Okuması izlemesinden daha heyecanlı!
logo logo logo logo logo
Bu sitede yer alan yazılardan yazarların kendisi sorumludur.
Referans vermeden kullanmayınız.
ÖZEL
Yalnız bi' alev aldı sosyal medya!

Kiralık Aşk'ın izleyicisi vefalı, tüm eksiklikleriyle, tüm kusurlarıyla kucaklamaya hazır dizisini. Barış Arduç'un rahatsızlığından dolayı gerçekleştirilen özel bölümde, #seninleyizBarışArduç hastagine atılan tweetlerde rekor kırılması Kiralık Aşk Fandomu'nun gücünü gösteriyor. Peki bu sosyal medya neden bu kadar alev alıyor, neden bu kadar dolu dolu ve tutkulu bir Kiralık Aşk bağımlısı? 7'den 70'e nasıl bu kadar seviliyor ve AB grubunda birinciliği nasıl kaptırmıyor? İşte bu gerçekten, önemli ve üzerinde durulması gereken bir mesele.
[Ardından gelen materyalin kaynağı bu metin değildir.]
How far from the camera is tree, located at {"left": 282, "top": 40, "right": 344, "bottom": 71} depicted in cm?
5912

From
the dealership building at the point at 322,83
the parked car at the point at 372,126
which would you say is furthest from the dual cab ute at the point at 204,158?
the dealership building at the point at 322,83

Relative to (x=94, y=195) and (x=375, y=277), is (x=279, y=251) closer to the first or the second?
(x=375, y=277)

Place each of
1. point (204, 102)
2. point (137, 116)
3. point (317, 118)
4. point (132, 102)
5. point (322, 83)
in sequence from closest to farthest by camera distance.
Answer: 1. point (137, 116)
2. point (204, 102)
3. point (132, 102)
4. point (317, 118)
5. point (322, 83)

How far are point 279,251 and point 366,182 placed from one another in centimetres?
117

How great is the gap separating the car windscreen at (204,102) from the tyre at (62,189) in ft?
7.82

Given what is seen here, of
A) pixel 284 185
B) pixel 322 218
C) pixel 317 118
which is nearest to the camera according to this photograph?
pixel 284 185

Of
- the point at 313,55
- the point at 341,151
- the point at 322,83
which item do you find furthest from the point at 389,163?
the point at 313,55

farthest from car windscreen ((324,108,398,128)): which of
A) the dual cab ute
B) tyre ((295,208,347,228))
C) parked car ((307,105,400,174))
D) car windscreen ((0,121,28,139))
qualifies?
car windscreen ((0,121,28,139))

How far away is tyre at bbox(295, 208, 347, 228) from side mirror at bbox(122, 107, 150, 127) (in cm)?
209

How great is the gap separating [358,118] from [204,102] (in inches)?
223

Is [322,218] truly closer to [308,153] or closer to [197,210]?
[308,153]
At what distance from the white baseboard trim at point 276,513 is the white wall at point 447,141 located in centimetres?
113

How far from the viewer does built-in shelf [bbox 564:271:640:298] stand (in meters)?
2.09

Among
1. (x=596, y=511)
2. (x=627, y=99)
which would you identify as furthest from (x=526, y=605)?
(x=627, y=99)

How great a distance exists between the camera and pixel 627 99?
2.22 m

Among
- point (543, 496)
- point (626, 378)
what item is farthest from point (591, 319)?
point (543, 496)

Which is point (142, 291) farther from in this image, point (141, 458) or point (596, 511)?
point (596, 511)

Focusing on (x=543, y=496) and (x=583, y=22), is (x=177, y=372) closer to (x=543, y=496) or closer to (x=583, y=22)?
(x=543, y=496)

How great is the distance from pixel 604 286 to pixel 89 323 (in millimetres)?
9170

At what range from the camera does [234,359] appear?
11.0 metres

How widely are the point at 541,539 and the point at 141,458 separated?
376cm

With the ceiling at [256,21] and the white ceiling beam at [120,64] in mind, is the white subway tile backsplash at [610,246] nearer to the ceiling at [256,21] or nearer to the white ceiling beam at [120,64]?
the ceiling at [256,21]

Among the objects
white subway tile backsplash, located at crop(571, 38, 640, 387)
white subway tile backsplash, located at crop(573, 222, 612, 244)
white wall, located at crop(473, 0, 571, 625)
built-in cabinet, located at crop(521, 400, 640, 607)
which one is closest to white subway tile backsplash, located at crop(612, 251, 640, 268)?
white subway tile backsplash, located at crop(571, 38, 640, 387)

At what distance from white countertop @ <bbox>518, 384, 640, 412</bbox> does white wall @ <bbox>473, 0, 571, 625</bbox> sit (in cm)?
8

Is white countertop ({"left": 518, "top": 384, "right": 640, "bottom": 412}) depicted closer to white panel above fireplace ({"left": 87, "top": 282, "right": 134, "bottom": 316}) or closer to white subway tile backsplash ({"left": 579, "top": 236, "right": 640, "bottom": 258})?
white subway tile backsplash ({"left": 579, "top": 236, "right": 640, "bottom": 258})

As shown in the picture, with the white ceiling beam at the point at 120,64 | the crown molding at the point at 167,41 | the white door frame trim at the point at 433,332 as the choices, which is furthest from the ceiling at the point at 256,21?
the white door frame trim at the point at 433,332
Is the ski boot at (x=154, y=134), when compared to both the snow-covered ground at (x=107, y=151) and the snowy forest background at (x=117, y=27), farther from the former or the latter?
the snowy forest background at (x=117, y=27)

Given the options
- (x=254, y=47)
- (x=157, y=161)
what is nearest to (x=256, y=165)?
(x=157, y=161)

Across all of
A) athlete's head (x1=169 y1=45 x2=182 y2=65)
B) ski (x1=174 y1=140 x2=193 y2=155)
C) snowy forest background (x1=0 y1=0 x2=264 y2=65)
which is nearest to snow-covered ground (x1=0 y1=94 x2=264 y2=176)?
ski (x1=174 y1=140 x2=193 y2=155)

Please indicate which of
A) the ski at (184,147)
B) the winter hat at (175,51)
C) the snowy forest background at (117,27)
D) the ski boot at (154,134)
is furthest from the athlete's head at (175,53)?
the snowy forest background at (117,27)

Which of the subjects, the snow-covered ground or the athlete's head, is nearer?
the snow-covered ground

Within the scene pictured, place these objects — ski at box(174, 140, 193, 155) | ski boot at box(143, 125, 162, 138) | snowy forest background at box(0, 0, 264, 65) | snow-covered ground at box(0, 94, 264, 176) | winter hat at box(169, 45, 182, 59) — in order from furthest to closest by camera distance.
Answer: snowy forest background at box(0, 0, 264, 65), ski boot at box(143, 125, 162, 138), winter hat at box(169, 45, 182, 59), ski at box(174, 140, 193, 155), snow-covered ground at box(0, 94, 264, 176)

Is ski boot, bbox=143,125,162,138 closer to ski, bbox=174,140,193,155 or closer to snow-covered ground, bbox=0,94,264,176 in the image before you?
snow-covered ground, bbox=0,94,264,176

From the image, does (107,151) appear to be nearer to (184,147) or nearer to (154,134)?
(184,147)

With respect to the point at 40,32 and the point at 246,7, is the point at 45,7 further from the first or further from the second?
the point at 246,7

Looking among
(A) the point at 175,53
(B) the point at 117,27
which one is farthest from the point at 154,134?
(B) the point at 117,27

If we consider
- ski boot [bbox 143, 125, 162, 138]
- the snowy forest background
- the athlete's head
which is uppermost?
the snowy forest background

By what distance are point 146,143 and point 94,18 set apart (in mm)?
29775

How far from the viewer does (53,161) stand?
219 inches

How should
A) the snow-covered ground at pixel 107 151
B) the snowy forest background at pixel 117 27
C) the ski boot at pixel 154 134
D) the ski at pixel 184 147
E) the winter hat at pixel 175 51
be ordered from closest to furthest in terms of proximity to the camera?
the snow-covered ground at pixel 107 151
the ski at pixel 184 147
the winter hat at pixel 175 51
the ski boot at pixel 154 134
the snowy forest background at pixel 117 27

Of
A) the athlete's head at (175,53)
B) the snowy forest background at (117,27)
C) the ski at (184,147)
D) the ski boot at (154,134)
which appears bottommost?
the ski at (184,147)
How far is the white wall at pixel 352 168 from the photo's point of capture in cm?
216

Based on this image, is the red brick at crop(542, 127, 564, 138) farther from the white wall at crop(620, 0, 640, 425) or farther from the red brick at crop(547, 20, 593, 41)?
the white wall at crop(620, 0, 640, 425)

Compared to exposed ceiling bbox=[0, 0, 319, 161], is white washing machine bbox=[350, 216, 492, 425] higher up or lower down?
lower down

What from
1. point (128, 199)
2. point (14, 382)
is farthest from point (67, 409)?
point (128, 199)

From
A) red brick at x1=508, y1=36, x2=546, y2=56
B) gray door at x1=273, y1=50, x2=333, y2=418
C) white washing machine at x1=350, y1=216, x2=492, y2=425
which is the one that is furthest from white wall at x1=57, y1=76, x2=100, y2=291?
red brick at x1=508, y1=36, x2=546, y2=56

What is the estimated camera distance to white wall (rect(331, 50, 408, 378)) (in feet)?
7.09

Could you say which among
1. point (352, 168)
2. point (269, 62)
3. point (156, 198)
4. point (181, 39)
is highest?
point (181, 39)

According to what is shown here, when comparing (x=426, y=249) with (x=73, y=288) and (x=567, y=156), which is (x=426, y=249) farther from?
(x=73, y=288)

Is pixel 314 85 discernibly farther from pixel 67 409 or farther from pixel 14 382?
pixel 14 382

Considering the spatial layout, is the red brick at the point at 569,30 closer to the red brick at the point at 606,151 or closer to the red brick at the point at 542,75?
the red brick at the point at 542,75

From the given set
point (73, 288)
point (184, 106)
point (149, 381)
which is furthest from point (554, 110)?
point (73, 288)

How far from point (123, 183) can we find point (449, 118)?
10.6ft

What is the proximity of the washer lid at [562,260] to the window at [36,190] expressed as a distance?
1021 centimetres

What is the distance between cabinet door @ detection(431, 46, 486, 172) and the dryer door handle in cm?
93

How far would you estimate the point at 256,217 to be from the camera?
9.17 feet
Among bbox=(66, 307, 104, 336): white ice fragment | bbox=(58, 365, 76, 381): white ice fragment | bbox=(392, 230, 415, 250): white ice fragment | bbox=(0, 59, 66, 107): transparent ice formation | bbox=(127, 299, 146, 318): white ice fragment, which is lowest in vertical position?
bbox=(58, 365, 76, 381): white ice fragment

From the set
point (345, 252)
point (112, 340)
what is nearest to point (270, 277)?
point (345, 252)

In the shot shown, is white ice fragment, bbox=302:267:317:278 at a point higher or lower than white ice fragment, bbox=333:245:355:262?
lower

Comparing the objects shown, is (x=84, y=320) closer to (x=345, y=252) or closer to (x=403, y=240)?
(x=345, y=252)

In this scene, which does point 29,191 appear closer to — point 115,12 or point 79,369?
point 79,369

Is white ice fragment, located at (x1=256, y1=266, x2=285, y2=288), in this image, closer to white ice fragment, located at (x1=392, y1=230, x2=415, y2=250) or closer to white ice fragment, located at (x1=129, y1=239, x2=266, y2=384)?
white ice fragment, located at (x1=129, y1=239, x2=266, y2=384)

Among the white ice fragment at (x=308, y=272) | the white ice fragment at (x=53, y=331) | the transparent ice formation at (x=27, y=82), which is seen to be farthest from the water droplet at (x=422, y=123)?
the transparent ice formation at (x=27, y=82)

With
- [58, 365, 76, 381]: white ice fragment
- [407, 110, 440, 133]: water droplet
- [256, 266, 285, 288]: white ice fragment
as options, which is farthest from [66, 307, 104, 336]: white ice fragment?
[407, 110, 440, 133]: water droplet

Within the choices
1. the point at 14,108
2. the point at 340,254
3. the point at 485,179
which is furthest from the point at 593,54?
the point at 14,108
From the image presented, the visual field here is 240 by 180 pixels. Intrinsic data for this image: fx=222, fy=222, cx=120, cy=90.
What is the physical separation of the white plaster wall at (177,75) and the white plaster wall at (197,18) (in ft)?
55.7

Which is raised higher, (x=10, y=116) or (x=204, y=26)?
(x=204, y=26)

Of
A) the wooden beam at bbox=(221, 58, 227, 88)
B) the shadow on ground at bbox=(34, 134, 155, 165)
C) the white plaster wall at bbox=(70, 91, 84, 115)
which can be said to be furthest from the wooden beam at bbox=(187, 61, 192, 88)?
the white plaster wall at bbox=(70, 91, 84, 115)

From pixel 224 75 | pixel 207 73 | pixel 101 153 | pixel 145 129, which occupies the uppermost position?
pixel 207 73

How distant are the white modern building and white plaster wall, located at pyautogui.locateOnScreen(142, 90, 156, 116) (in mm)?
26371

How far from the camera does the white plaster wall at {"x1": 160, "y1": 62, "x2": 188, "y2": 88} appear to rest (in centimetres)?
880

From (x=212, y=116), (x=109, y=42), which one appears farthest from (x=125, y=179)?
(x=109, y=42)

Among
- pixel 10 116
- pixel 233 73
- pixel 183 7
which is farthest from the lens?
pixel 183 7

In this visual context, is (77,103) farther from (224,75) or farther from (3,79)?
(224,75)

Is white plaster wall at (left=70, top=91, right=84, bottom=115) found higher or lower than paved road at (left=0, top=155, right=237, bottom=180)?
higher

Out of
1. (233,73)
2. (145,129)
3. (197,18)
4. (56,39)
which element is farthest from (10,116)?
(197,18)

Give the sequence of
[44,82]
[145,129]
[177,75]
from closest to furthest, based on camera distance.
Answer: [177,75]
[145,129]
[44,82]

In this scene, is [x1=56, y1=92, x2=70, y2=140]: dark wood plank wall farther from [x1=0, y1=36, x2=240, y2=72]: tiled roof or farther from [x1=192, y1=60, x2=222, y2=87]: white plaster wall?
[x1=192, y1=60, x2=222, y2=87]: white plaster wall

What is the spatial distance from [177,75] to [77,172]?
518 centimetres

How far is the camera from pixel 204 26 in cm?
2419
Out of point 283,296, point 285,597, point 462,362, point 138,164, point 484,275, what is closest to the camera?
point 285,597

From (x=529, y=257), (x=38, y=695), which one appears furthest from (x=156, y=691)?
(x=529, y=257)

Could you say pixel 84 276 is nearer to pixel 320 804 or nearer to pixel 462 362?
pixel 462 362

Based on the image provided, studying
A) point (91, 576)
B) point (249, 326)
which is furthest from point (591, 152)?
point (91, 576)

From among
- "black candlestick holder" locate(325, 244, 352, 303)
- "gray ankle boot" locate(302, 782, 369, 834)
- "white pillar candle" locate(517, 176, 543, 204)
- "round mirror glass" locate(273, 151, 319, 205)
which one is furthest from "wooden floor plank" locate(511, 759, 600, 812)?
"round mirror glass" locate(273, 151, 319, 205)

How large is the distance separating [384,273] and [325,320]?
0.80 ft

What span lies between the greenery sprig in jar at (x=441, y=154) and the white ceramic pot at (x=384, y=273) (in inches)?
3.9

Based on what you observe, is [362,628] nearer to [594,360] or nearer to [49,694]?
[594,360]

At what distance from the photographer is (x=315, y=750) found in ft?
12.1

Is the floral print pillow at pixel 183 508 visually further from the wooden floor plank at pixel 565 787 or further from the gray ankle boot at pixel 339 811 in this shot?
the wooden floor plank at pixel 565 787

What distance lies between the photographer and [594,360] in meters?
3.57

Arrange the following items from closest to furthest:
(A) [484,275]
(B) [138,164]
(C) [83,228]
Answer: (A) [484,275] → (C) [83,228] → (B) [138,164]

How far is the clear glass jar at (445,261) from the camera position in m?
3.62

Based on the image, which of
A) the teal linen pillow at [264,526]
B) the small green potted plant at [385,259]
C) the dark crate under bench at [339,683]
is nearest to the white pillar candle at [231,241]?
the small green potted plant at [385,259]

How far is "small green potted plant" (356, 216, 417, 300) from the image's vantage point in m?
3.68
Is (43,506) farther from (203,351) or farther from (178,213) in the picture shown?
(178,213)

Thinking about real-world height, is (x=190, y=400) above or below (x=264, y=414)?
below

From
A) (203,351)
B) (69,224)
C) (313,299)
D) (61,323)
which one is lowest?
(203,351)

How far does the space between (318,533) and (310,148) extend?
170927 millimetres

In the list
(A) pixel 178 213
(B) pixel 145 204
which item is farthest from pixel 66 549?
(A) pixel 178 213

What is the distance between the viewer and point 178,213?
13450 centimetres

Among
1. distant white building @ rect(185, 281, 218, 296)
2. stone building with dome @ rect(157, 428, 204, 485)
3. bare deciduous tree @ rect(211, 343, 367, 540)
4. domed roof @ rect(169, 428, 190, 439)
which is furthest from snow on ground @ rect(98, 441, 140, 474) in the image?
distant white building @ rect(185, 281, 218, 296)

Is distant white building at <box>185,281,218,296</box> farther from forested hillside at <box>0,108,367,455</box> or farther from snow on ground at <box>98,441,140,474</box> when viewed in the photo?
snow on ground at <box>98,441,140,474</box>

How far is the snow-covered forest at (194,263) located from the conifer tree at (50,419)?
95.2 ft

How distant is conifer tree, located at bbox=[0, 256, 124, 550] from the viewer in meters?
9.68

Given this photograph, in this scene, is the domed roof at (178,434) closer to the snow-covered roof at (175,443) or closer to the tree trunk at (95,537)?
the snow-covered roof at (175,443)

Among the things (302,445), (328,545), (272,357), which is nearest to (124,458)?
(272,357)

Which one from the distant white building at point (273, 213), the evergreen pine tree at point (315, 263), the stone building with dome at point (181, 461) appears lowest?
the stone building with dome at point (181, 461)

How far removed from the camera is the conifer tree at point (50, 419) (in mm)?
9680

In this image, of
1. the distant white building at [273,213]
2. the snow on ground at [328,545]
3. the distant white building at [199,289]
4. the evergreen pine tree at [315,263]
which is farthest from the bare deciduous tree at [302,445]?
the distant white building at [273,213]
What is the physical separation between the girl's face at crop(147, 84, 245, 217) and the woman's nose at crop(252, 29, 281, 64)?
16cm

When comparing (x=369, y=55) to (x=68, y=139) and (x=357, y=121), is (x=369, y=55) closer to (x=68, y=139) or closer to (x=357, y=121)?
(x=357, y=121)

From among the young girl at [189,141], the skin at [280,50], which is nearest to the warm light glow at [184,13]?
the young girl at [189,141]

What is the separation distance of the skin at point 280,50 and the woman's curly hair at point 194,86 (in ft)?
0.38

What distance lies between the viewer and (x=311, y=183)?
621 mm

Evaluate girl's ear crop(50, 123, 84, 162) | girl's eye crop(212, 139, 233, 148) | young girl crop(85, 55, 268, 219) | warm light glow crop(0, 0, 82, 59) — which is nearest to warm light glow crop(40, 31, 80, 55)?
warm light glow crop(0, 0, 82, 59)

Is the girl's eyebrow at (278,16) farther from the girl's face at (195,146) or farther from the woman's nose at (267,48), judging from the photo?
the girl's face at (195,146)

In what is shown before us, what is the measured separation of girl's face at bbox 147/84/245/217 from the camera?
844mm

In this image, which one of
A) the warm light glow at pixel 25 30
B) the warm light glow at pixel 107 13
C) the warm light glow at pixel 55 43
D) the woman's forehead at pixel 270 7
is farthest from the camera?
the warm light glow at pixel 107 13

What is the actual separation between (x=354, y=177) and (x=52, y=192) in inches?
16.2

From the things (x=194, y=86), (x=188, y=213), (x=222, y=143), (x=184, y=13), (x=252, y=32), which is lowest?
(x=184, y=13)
İlk bölümün sonundaki kapı sahnesi demiştim, "Bu kapıdan çıktıktan sonra aklında işten başka hiçbir şey olmayacak," diyen Ömer Bey'ler, kısa zamanda "Bırak iş konuşmayı" , "Seninle iş dışında bir şey konuşmayacağız," ile "İlle de iş diyorsun," kıvamında evrilirken, bizler gözlerimizden kalpler çıka çıka, bağlanıyorduk Kiralık Aşk'a. Neydi peki Ömer'e ve Defne'sine bizi bu kadar aşık eden etken? Aralarında tartışmasız mükemmel bir ekran kimyası vardı, hatta televizyonların en yakışan çifti ödülüyle de Türk Halkı, bunu tescilledi. Mermer tenli bir kızıl afet diye nitelendirilen Elçin Sangu'yla, kara gözleriyle baktığı yerde rüzgarlar estiren esmerlerin şahı Barış Arduç, esrarengiz bir uyum yakalamışlardı. Ama mesele sadece bundan ibaret değildi, büründükleri role hayat verirken her şeyden ziyade, kendileri gibi rahattılar da bence. Çok iyi oyunculuklar izliyorduk, gülüşleri kadar ağlamaları da gerçekti her defasında. Bu senenin ödül törenlerinde, ortalığı kasıp kavurdular. "En iyi kadın oyuncu" ve "En iyi erkek oyuncu" ödülü aldılar çok defa. "Kiralık Aşk" da ödülleri topladı. Kiralık Aşk Fandomu sabahtan akşama kadar çılgınlar gibi oy verdi aday oldukları her kategoriye, dizisine ve oyuncularına haklarını teslim etmek için.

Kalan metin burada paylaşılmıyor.